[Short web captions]
---*---

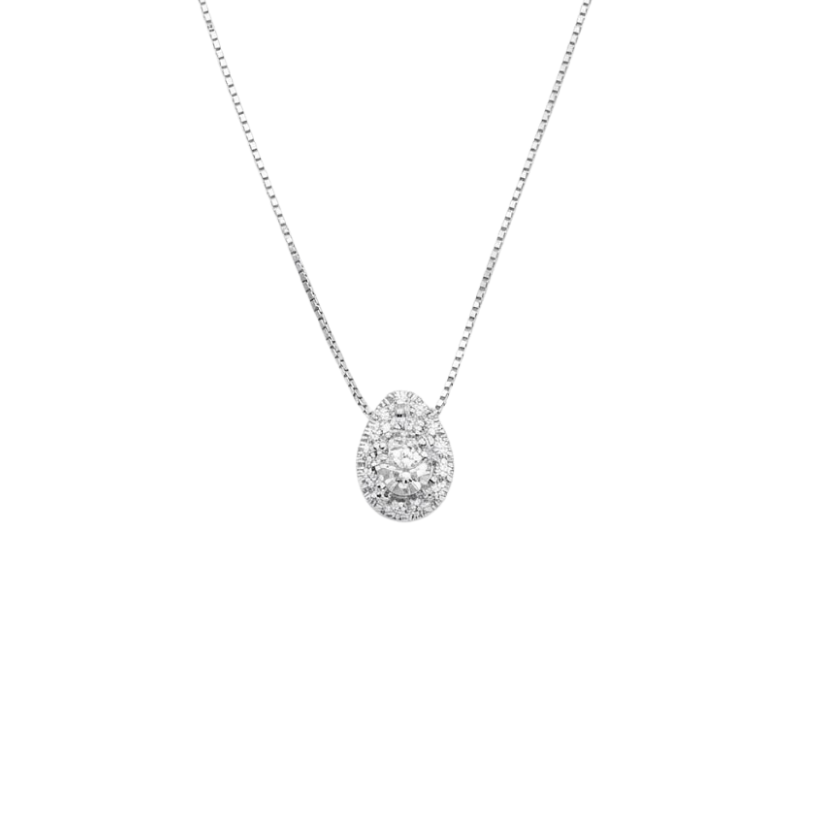 Collana Donna Mirco Visconti Trilogy Goccia Oro Bianco Diamanti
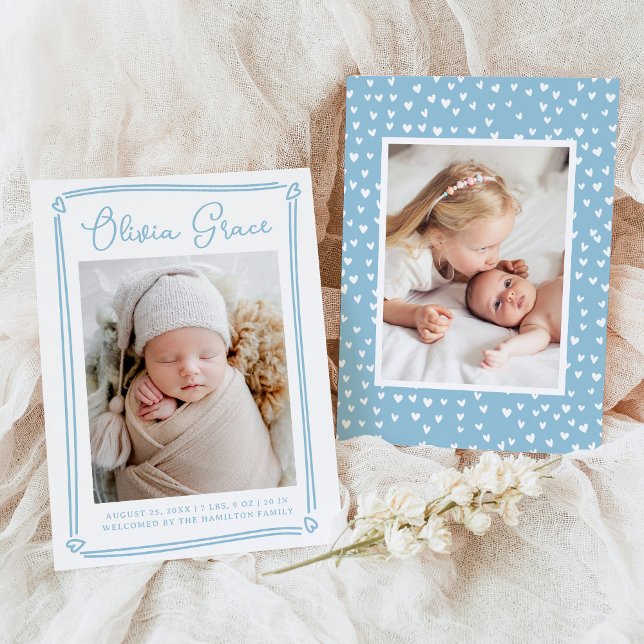 Anuncio Whimsical Hearts Sky Blue Photo Birth (Subido por el creador)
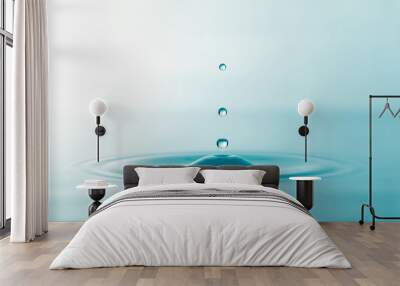 Water droplets on surface water background Wall mural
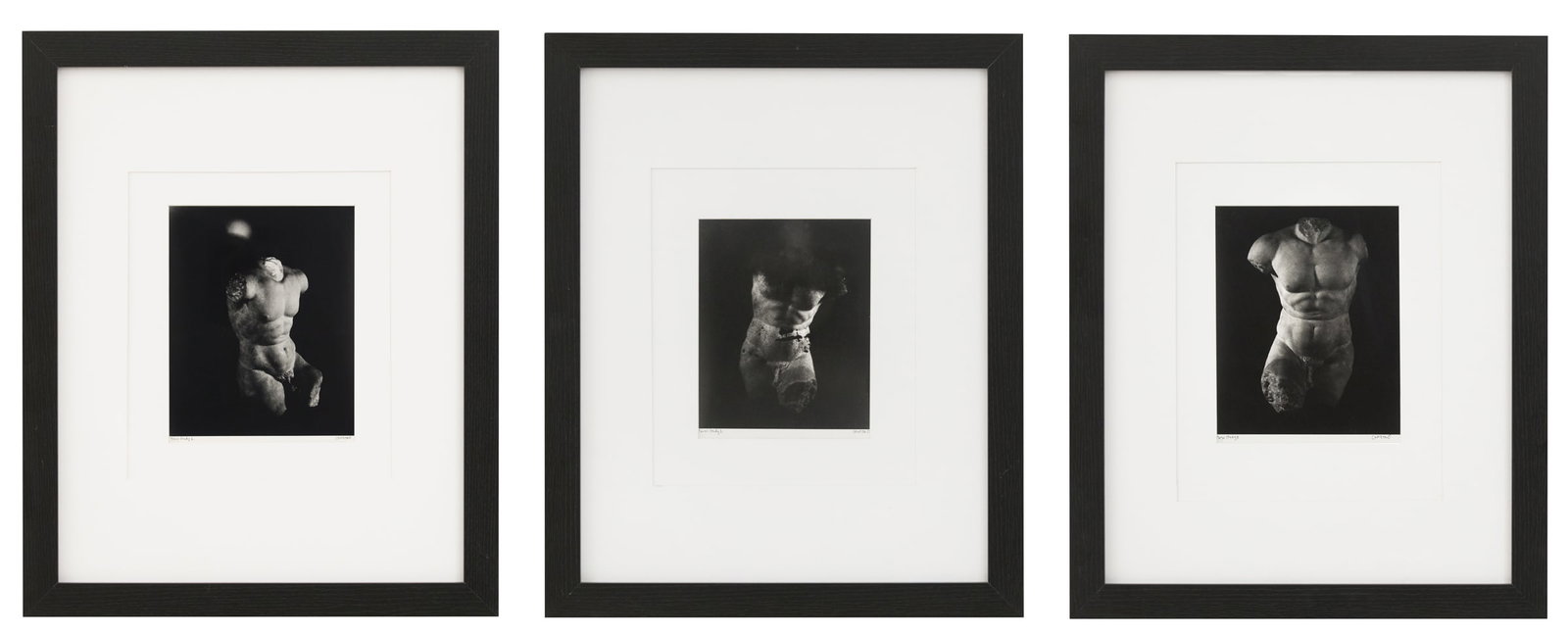 Christa Ougel (American/Louisiana, b. 1986): Christa Ougel(American/Louisiana, b. 1986)"Torso Study I""Torso Study II""Torso Study III"three gelatin silver printseach signed lower right and titled lower left.Framed alike.each sight 8-3/4" x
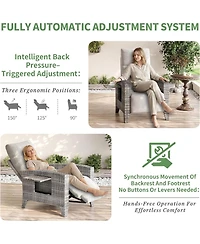 gaomon Outdoor Wicker Recliner with Adjustable Backrest and Footrest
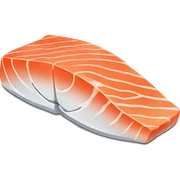 Salmon steak, white background sticker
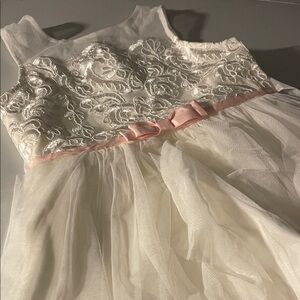 Jona Michelle White Lace Dress with Pink Bow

---*---

Work order: Your answer must be exactly the lines from the one with "Water droplets on" through the last line of the entries, both included, with no pictures; please add nothing else.

Result:
 Water droplets on surface water background Wall mural
 Christa Ougel (American/Louisiana, b. 1986): Christa Ougel(American/Louisiana, b. 1986)"Torso Study I""Torso Study II""Torso Study III"three gelatin silver printseach signed lower right and titled lower left.Framed alike.each sight 8-3/4" x
 gaomon Outdoor Wicker Recliner with Adjustable Backrest and Footrest
 Salmon steak, white background sticker
 Jona Michelle White Lace Dress with Pink Bow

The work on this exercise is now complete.